Monitor the job status using the
squeuecommand.squeue -u <your_user_id>
The log file of the Slurm job step will be created in the same directory where the sbatch script is located after the job starts execution. Since we encode the batch script execution time in the srun output file name, each job attempt will have its own log file. In this case, there will be 2 files created after the whole test is finished.
Check the AJR UI to verify the job attempts are in correct state and with anomaly properly persisted. The AJU UI can be found at https://<FQDN>/mission-control/recovery-engine/dashboard/workflow where <FQDN> is the fully qualified domain name of the headnode.
The sequence should be:
The 1st job attempt is killed due to CRASH anomaly
The same job id is requeued and held to create a new job attempt.
The 2nd job attempt is released for execution.
The 2nd job attempt is killed due to CRASH anomaly
No more requeue because the maximum requeue limit has been reached.
To verify the CRASH anomaly, hover your cursor over the red triangle icon to view status information for the job ID you created in step 2. See figure below for example.
Figure 2 Red triangle indicators (circled) showing hover locations for verification#
Confirm that the expected verification data appears in the tooltip.
Autonomous Job Recovery uninstallation#
AJR uninstallation should be initiated with the cm-mission-control-setup wizard started on the active headnode.
Select Uninstall NVIDIA Mission Control autonomous job recovery.
Confirm the uninstallation on the next page. Uninstallation wizard would uninstall AJR and remove the ‘heimdall’ namespace.

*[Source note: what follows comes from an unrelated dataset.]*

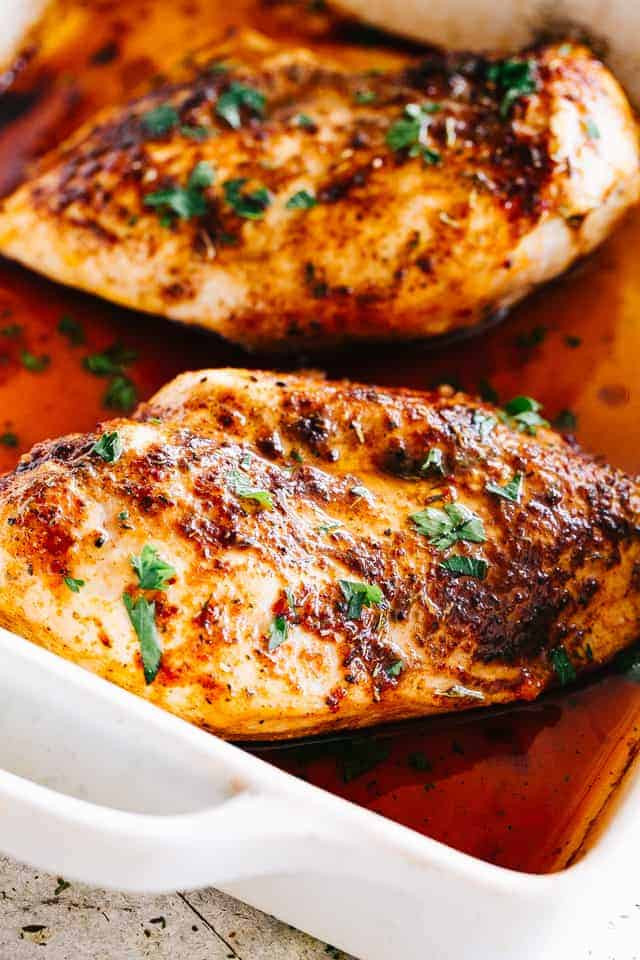 Oven Baked Chicken Breast Recipes
 Oven Baked Chicken Breasts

Existing data in MySQL database and ‘heimdall-kpis-reader’ MySQL user would not be affected. In case there is a need to perform complete uninstall, log in to MySQL database as root user and perform the following steps:
DROP USER IF EXISTS 'heimdall-kpis-reader'@'%';
DROP USER IF EXISTS 'heimdall_user'@'%';
DROP DATABASE heimdall;
This will remove ‘heimdall-kpis-reader’ and ‘heimdall_user’ MySQL users and related ‘heimdall’ database.